The last call of God, as judgment is pending, is a call to Himself. Here then is the call of God in our time. The last movement of the people of God is to Himself: not to a movement as such; not to a teaching or interpretation of truth; not to a sect or party; not to an enterprise or mission – but to Christ. The final true and Divine movement is to the Lord Himself. The sheer pressure of the conditions in the gathering storm and tempest will demand a leaving of all lesser interests and objects, however good a purpose they may have served hitherto, and a moving toward the Lord Himself. ‘Things’ divide; the Lord unites. ‘Things’ must pass; the Lord abides. The time comes when all the means and accessories which the Lord has sovereignly used will cease to avail. This includes all the organized side of Christianity, and the Lord will force the issue as to how much there really is of Himself. ~ T. Austin-Sparks (1)

Someone pointed out that God does not tell time in hours, days, or even years like we do, but in ages (See Ephesians 3:1-6) or dispensations. One of these ages lasted from the fall of man to the flood, the next one from the flood to Moses and the age of the law. That age came to a close 2000 years ago on the Day of Pentecost when God poured out His Spirit on all flesh (See Acts 2:16-22 and Ezek. 36: 26-27), not just on an appointed few as in the Old Covenant.

With all this in mind, think of how traumatic it was at the end of each of these ages–a world ending flood, Egypt all but destroyed, the destruction of the temple, and the end of Israel as a nation and the Jewish worship and sacrificial system, etc. What do you think will be the sign of the end of the “church age” before God ushers in what I believe to be “The Age of the Bride and the Bridegroom”? I believe it will be a complete destruction of this false system built by men around the gospel of Jesus Christ, coinciding with the raising up of His bride as she has made herself ready to go out to meet the Bridegroom in grace and Truth.

“…and the light of a lamp may be appearing in you nevermore; and the voice of the bridegroom and bride should be heard in you nevermore; for your merchants were the magnates of the earth, for by your enchantment all nations were deceived.” (Rev 18:23, CLV)

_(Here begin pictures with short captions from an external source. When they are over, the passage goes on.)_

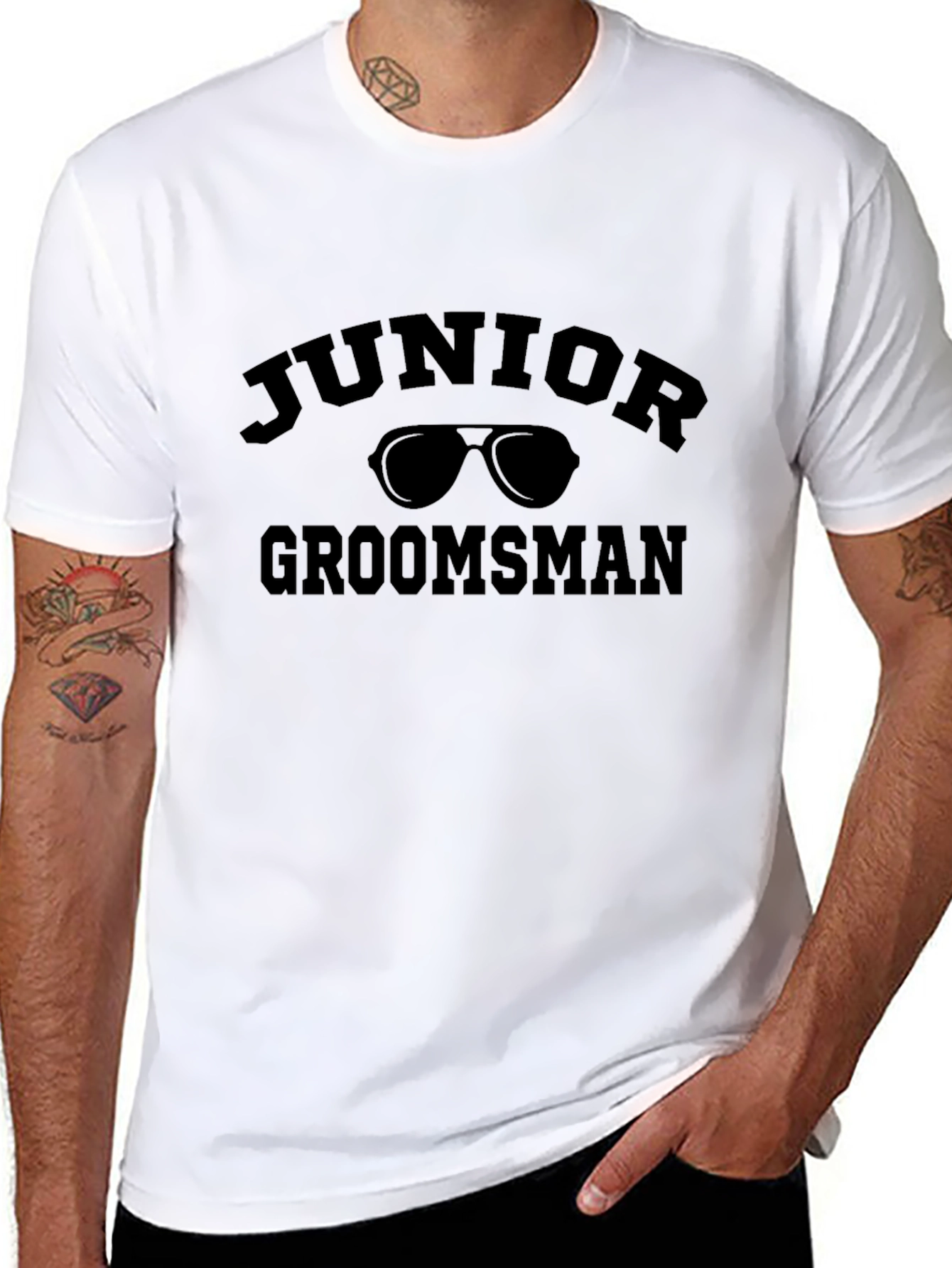 Junior Groomsman Black T-Shirt - Wedding Party Tee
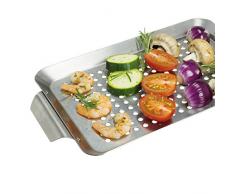 bremermann Grillplatte 32 x 1,5 x 18,5 cm Edelstahl Grillkorb Grillpfanne (1)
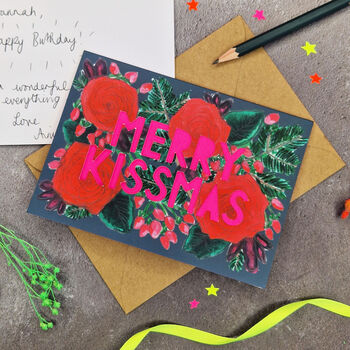 Merry Kissmas Neon Floral Papercut Christmas Card, 5 of 11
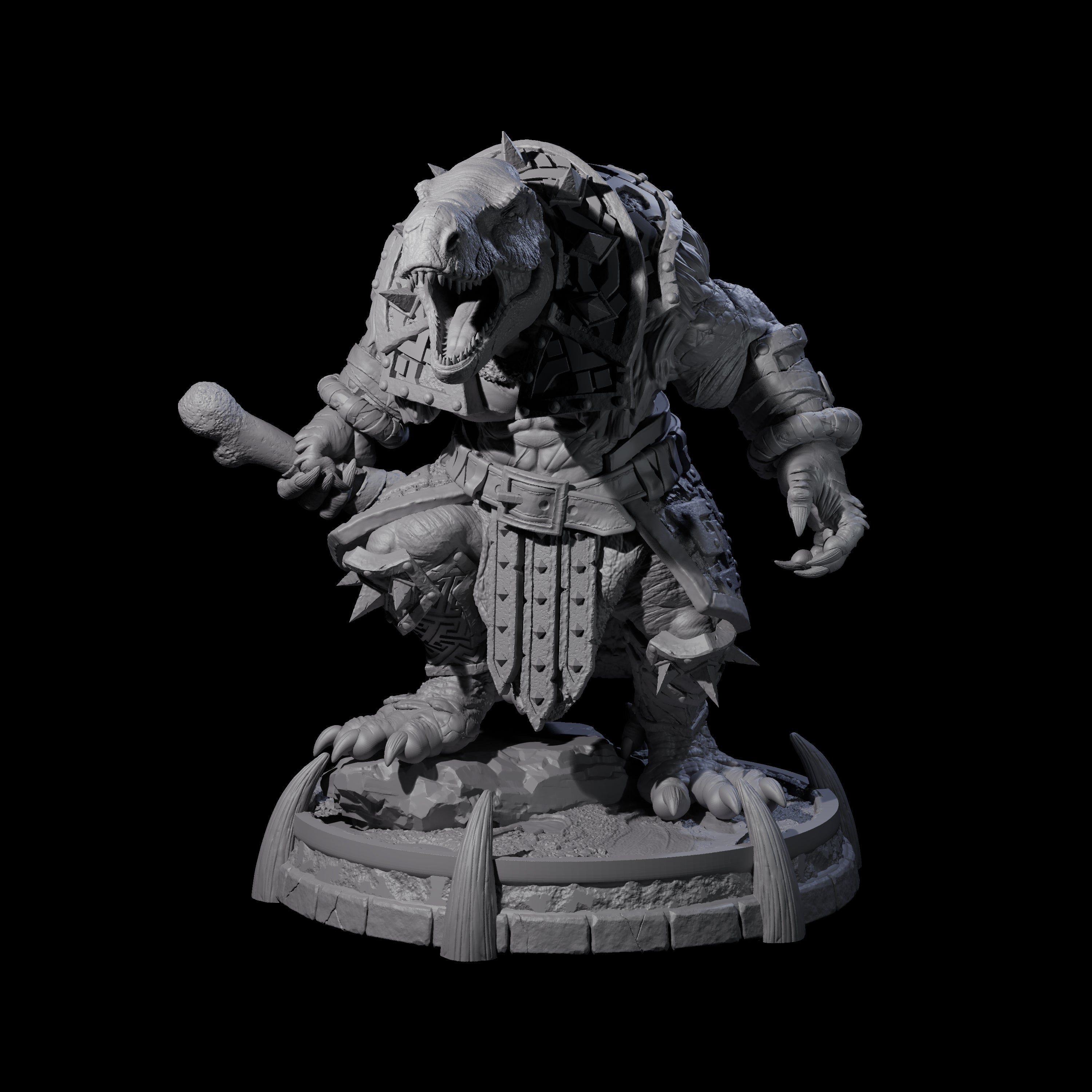 Protective Saurian Warrior F Miniature for Dungeons and Dragons, Pathfinder or other TTRPGs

What started out as a comment on an inspired article by Susanne Schuberth eventually turned into this article. The above quote from T. Austin-Sparks also came from her article. Take a look at the above picture that she chose for her blog post.(2) It shows the destruction of “The Church of Reconciliation” in the “Death Zone” of Berlin. How apropos! For the past few years almost all denominational leadership have been striving to bring their organizations into reconciliation in a sort of humanistic unity. Their efforts are failing  to come into agreement with one another no matter how many doctrines they do away with, for unity in doctrine does not make a people of one heart and one spirit. Jesus came not to bring peace but the sword of division! All man-made sects will be divided against one another even if they are forced under one title and human head, just as it was at the tower of Babel. Babylon the Great is the end result of their efforts– religions that have formed around “Christianity” — and God’s judgment is on it. Why? Jesus put it this way, “Every plant, which my heavenly Father hath not planted, shall be rooted up” (Matt 15:13, KJV). God is ushering in a new dispensation. The sword is necessary because the previous administrations are so embedded that they never willingly let go and follow His lead!

Peter wrote,

“But do not overlook this one fact, beloved, that with the Lord one day is as a thousand years, and a thousand years as one day.” (2 Pt 3:8 ESV)

A day is as a thousand years with God. We are also about to go into the third millennium of the church age, but not without a bang! Hosea prophesied,

“Come, and let us return unto the LORD: for he has torn, and he will heal us; he has smitten, and he will bind us up. After two days will he revive us: on the third day he will raise us up, and we shall live in his sight.” (Hos 6:1-2, KJ2000)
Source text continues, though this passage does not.